World Economic News
Expert: Globalized Agriculture Caused Avian Flu
An expert in the avian flu who saw the globalized poultry operations in Southeast Asia, described to EIR Oct. 5, how the avian flu pandemic, now threatening the world's population, emerged from these ill-conceived and criminally mismanaged operations.
The veterinary epidemiologist said that the H5N1 pandemic was bred in some of the large-scale poultry operations introduced into Southeast Asian countries in recent years. (Thailand, for example, is now the fourth-largest poultry producer in the world.) Infected flocks should have been completely destroyed, but they were not. Once the virus spread beyond the big poultry operations to peasant flocks in Vietnam, the country completely lacked the infrastructure to deal with it.
The situation is now out of control, because the mutated strain of the virus has now re-infected the migratory wild fowl population, which has moved across Asia and is presently in Europe. Most of the 126 human cases to date have been among people with close contact with poultry. But each infection of a new animal is another opportunity for a mutation or reassortment of the virus to a form that is easily transmissible from human to human. Once that happens, the pandemic is on, in a world ill-prepared to deal with it. 1918 may look like a good year in comparison.
Like all type-A influenzas, the virus came from the wild-bird reservoir, where it had been relatively benign. Through contact of wild birds with some of the unprotected factory farm animals, the virus was able to mutate or reassort into a deadly form. The virus is passed through the intestinal tract to the feces where it maintains a deadly concentration.
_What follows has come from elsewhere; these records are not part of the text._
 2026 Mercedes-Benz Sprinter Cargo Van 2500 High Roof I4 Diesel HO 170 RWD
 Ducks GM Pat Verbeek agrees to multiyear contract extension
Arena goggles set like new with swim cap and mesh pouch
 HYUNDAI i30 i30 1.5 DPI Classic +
By sticking to clothing, footwear, truck tires and the like, it was moved to other poultry operations, including across borders, probably among Thailand, Vietnam, and China. The virus can live for up to a week on the outside. One Thai company with ties to agricultural cartels, CP Group, maintains operations in all three countries.
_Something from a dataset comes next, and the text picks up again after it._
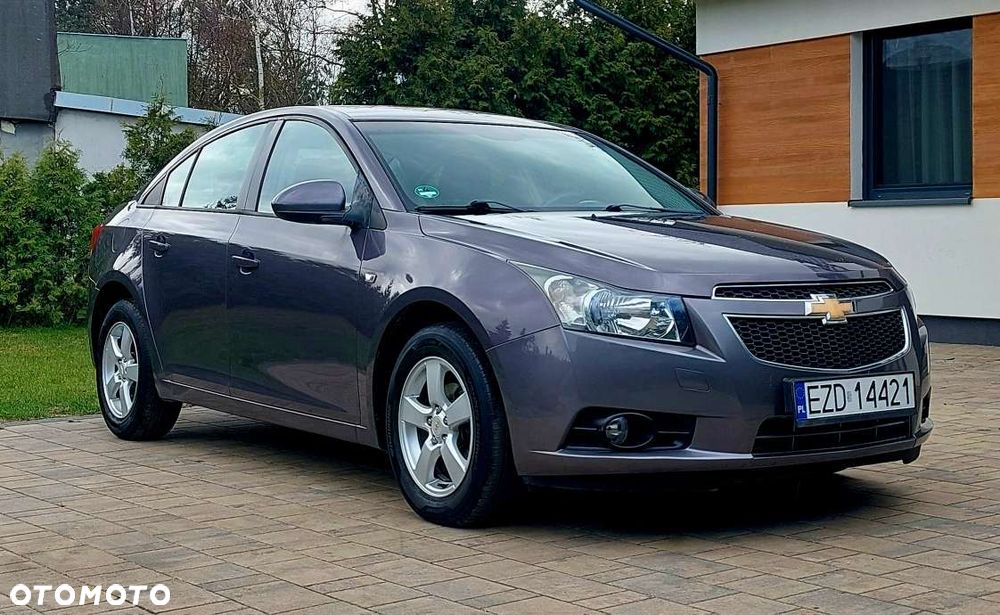 Chevrolet Cruze 1.8 LS - 2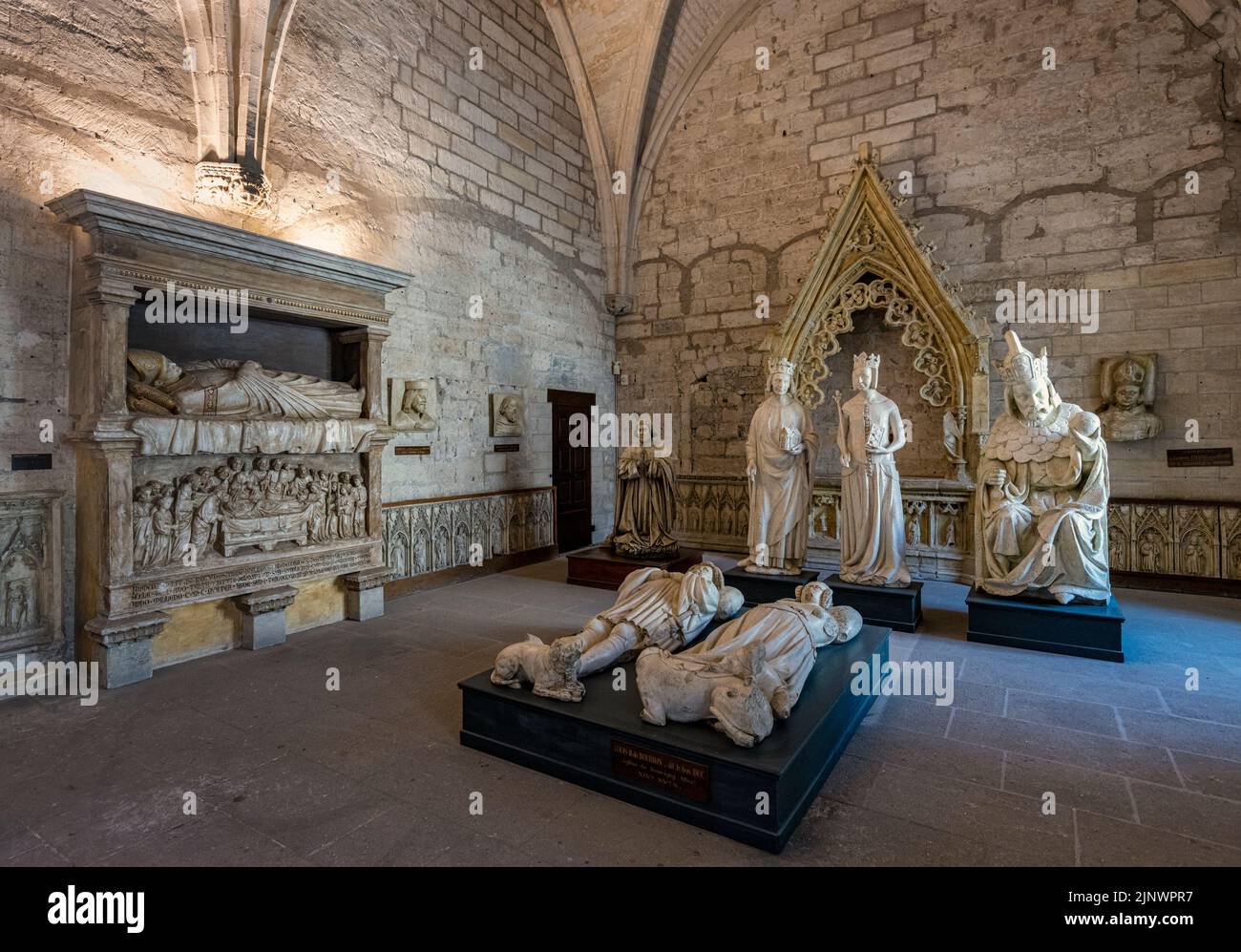 Grabdenkmal und Figuren des Königshauses und die Kirche in der Sacristie Nord. Papstpalast - Papstpalast, Avignon, Vaucluse, Frankreich. Th Stockfoto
The veterinary expert said he believed there was also use of infected poultry as breeding stock, and that smuggled chickens played a part.
The virus re-infected the wild-bird population, and got out of control. At that point it became too late to control by killing off flocks. The Qinghai Lake, China outbreak among migratory fowl was the sign that it had gone out of control. The threat to European flocks is not controllable, and will become pandemic, he thinks.